Available data >>
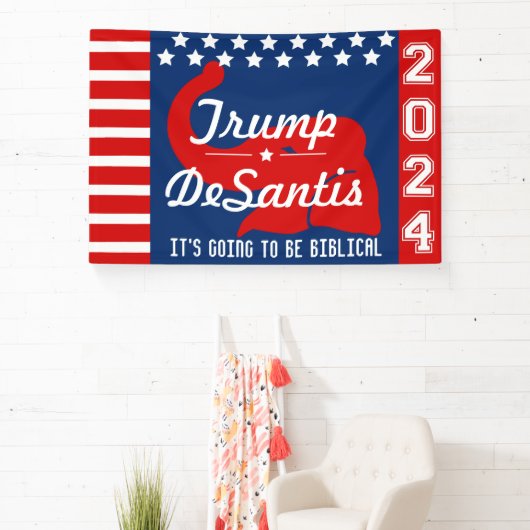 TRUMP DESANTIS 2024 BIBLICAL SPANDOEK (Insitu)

...

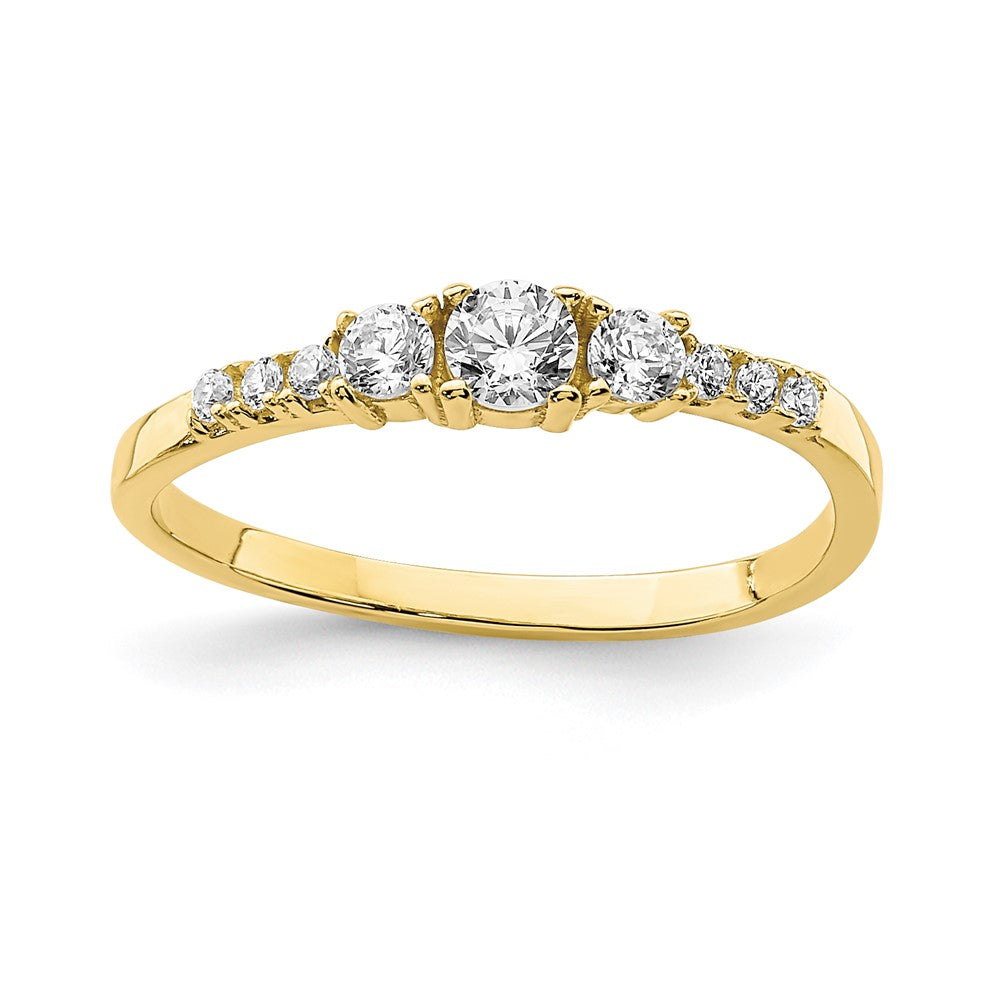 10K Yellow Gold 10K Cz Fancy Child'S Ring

==

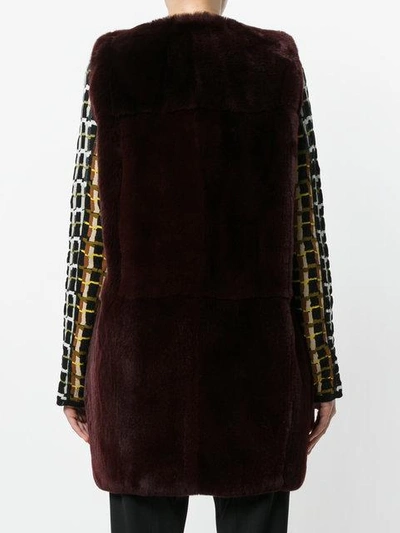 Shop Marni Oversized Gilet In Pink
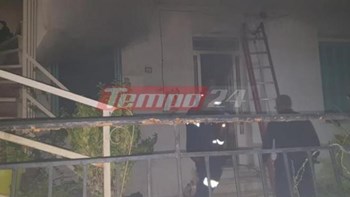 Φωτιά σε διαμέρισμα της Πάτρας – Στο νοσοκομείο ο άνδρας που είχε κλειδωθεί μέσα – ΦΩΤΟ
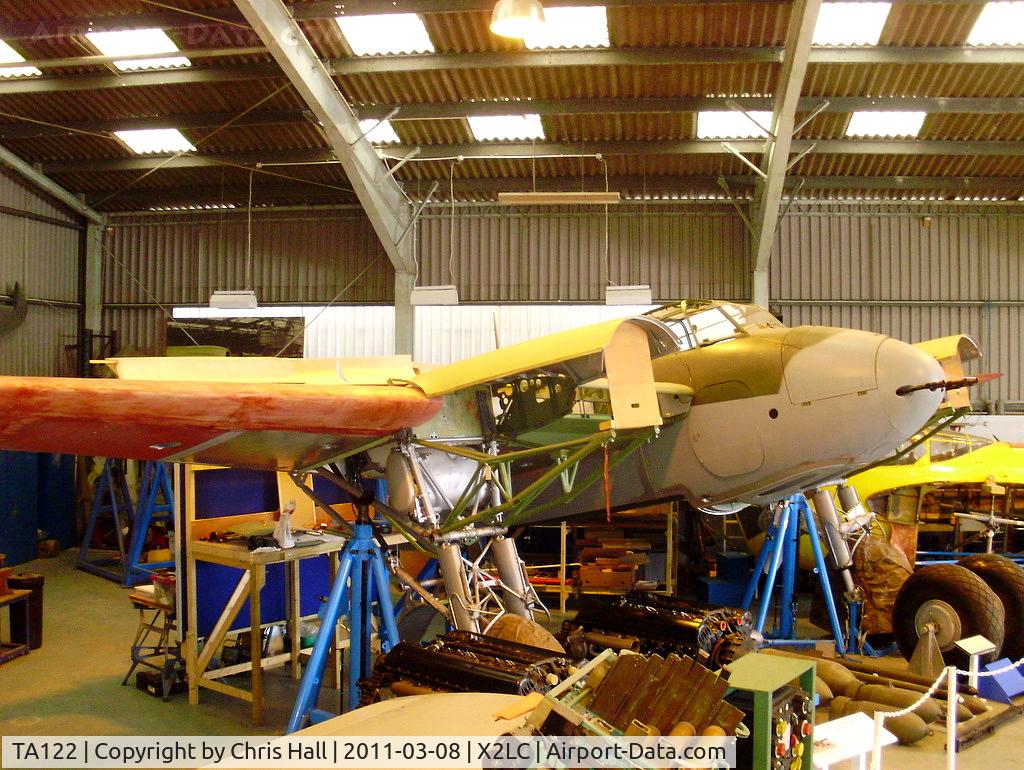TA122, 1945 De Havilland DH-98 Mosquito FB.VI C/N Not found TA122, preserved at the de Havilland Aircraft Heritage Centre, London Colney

Your goal >> Leave out every picture, and copy exactly the lines above starting at the one holding "Φωτιά σε διαμέρισμα" and ending at the one holding "TA122, 1945 De", no more and no less.

Solution for this exercise >>
 Φωτιά σε διαμέρισμα της Πάτρας – Στο νοσοκομείο ο άνδρας που είχε κλειδωθεί μέσα – ΦΩΤΟ
TA122, 1945 De Havilland DH-98 Mosquito FB.VI C/N Not found TA122, preserved at the de Havilland Aircraft Heritage Centre, London Colney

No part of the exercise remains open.